Well, there’s clutter and then there’s clutter. Books are NOT clutter. They are like pottery, works of art to be cherished. A lot of work went/goes into writing and producing books, sometimes years of work.
Papers are another thing. I just had to throw out files to make room for other things in file cabinets. And did I ever love to do that! The more I could toss out, the better. Now every paper is filed, with a few exceptions: those I need to find room for in cabinets. But my drive is there to do it.
Absolutely agree with you on both. Now, here’s a quandary for you: I spent 5 years researching and writing my PhD thesis. It then had to be printed and bound, costing a lot of money. Eventually, though, you get the 2 examiners’ copies back. So now I have 3 enormous tomes taking up half a book case. I should throw 2 out, but they’re so beautifully bound… Also, I subsequently had a book published that was virtually just my thesis updated. Should I just toss the extra 2 thesis copies into the rubbish? Libraries won’t want it, as they have the book.
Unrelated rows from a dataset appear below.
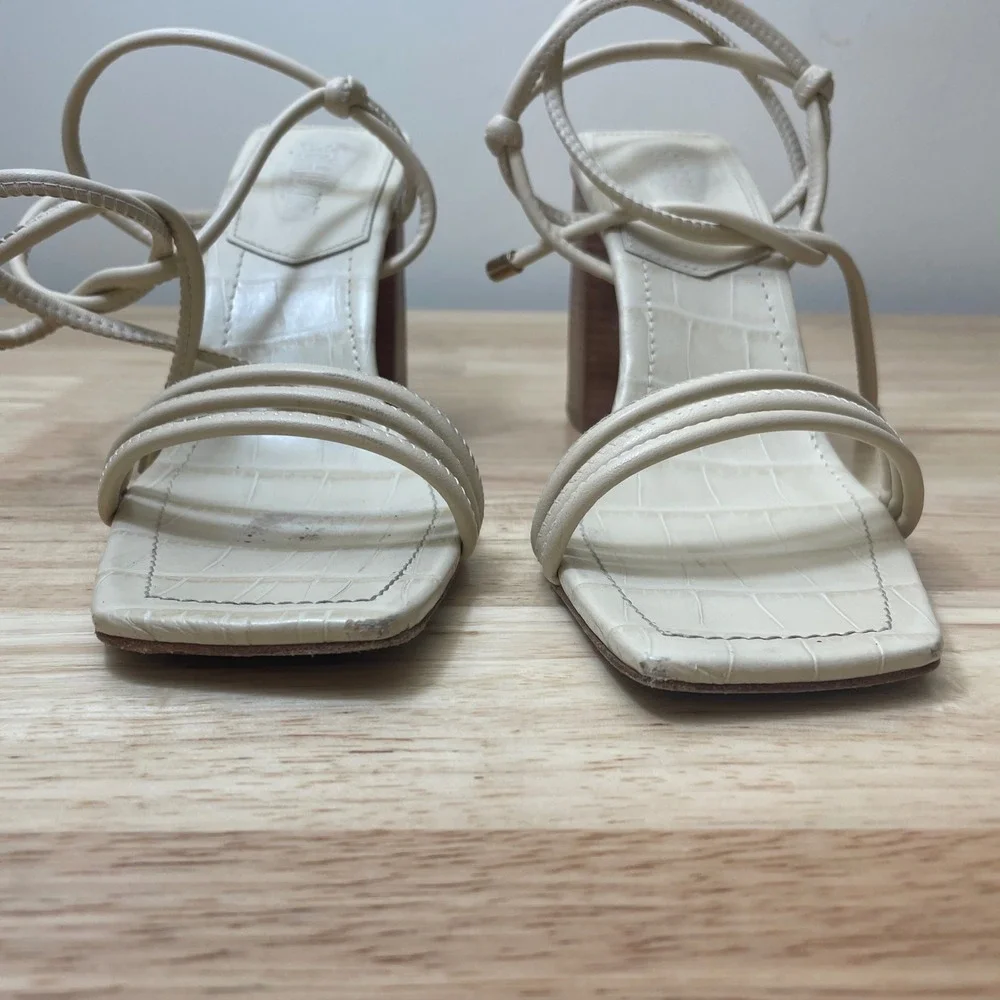 Schutz White Crocodile Embossed Strappy‎ Block Heel Sandals Women Size 8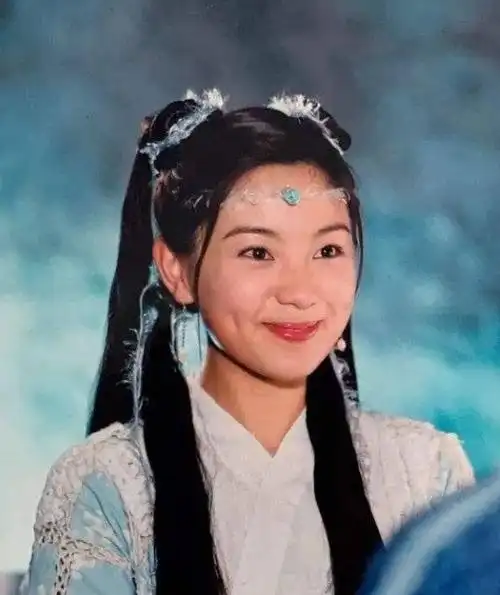 今天小美要来给你们分享的是苏有朋版本中饰演"小昭"的女艺人陈秀丽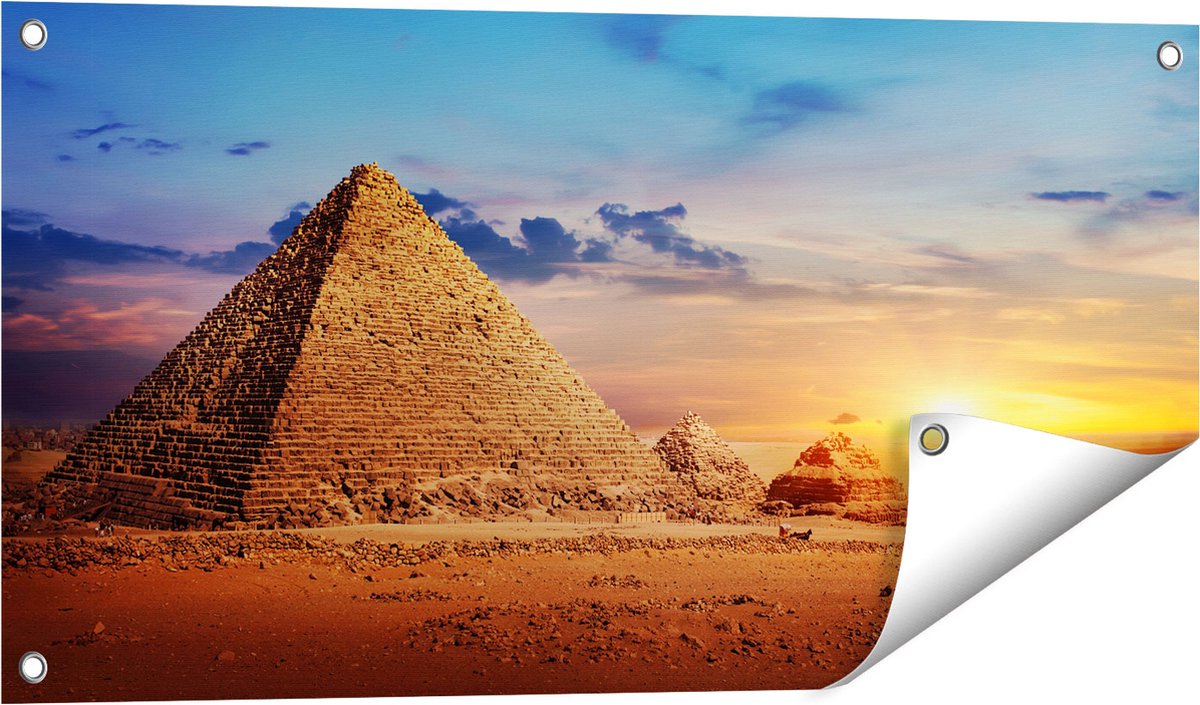 Gards Tuinposter Egyptische Piramides in de Woestijn - 80x40 cm - Tuindoek - Tuindecoratie - Wanddecoratie buiten - Tuinschilderij Multikleur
That’s a dilemma. I think when you are ready to toss out a few of the bound versions of the thesis, that you will do it. There are things I can throw out, and things I cannot throw out, that mean too much to me.
Maybe you could put away the two in a box in another room, so that you have more space on the book case.
But it all represents years of hard work, so you’re attached to the copies, so keep what you need to keep.
I don’t think I am attached to them, since I would still have one. However, they seem like an odd thing to throw out. Oh well!